Küresel gıda sektörleri içinde su ürünleri yetiştiriciliği, 1970-2014 yılları için yıllık ortalama %8 üretim artışıyla en hızlı büyüyeni ve şu anda insanlar tüketsin diye arz edilen balığın yaklaşık yarısını üretiyor. Dünya çapında yapılan balık avcılığı ise artık sürdürülebilir olmaktan uzakta ve yıllık ~90 milyon ton seviyesinde durağan. (Link 1) (Link 2) (Link 3) (Link 4)

Verimlilik yönünden değerlendirdiğimizde, su ürünleri yetiştiriciliği, dünyanın en verimli işlerden birisi ve çevresel ile geçim kaynaklarını korurken artan su, enerji ve gıda talebini önemli ölçüde karşılayarak 2050 yılına kadar 9 milyardan fazla insanı besleme konusunda kilit rol oynayacak.

Kültür balıkçılığı, yaklaşık 60 milyon ton üretime sahip olduğu 2000’den 2018’e kadar %158 büyüdü.

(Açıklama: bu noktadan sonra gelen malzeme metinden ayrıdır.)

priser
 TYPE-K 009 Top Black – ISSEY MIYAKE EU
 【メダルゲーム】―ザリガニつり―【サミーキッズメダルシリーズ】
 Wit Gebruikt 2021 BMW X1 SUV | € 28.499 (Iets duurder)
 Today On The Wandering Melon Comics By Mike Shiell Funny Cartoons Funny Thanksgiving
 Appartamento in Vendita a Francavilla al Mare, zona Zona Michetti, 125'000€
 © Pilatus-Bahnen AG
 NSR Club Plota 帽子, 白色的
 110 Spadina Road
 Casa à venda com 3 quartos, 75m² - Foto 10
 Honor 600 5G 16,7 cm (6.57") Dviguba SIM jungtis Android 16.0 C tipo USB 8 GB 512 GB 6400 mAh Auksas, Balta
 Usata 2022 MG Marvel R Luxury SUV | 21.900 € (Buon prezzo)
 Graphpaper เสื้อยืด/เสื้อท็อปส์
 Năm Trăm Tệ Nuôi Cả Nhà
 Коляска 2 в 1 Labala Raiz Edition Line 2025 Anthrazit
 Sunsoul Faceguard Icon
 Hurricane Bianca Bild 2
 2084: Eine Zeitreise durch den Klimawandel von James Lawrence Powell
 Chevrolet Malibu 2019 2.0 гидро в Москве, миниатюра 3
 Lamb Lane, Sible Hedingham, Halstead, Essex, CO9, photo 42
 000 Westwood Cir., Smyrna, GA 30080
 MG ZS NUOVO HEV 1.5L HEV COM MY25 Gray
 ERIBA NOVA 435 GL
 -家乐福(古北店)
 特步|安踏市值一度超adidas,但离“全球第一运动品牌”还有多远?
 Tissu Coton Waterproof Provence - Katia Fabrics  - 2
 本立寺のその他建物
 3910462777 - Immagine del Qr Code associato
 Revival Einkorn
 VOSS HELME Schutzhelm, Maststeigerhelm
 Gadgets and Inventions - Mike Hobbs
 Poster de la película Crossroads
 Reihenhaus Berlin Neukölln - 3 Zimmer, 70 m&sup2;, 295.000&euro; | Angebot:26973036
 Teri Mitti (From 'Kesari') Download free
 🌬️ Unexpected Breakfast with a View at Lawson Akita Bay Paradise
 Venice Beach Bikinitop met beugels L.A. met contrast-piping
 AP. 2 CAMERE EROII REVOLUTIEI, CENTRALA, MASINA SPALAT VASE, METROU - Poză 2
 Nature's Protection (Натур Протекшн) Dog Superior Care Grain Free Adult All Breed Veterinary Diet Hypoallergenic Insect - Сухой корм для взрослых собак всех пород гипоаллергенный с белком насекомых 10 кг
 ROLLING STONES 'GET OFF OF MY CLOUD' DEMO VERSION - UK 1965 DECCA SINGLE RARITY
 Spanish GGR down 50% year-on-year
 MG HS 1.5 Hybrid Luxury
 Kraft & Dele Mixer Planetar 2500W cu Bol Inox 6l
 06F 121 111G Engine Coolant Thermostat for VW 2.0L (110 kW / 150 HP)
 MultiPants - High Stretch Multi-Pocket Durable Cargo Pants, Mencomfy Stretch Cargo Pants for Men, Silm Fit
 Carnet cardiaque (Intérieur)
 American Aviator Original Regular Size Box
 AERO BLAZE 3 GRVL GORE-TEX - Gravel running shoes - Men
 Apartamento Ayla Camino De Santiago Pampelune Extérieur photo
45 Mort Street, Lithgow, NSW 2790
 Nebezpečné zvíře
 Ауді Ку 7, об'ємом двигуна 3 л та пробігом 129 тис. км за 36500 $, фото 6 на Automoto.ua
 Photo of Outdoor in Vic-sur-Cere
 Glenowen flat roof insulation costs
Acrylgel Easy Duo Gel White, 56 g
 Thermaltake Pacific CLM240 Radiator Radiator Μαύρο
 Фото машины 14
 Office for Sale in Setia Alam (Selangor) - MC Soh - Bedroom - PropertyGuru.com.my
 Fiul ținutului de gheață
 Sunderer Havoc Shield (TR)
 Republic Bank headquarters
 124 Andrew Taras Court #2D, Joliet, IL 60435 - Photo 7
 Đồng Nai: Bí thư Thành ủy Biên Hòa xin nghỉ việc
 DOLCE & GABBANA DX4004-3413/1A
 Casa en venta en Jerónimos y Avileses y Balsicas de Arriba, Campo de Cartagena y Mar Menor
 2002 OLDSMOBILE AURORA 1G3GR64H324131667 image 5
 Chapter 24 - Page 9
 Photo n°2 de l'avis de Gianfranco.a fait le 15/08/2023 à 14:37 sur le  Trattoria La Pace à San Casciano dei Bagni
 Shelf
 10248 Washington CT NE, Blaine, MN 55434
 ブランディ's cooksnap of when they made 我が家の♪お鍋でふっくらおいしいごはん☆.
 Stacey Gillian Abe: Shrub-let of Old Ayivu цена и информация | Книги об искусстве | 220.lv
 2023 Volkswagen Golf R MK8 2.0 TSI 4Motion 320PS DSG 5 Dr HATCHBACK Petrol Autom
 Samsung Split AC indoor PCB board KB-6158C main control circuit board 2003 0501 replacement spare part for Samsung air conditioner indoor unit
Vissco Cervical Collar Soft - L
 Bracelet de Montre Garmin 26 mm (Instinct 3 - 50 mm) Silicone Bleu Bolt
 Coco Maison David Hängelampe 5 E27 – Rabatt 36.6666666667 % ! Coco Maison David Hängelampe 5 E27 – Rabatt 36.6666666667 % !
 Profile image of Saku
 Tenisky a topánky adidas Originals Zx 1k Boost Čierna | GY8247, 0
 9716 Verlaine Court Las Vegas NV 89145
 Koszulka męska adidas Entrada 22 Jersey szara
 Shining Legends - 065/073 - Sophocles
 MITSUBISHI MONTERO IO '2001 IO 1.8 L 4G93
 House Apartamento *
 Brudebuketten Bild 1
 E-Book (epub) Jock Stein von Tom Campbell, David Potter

Yetiştiricilik için yem üretiminin de aynı şekilde artması ve 2025 yılına kadar 73.15 milyon ton yem kullanılması öngörülüyor.

Kültür balıkçılığında kullanılmak üzere, yemlerin çevresel etkileri ve artan fiyatları, dünyanın her yanında su ürünleri sektörünün gelişimini kısıtlayan bir faktördür. Yem, yoğun beslenen su ürünleri yetiştiriciliğinin tedarik zinciri boyunca en büyük genel çevresel etkiye sahiptir; burada verim, hayvanlara besin açısından eksiksiz formüle edilmiş yemler verilmesine bağlıdır.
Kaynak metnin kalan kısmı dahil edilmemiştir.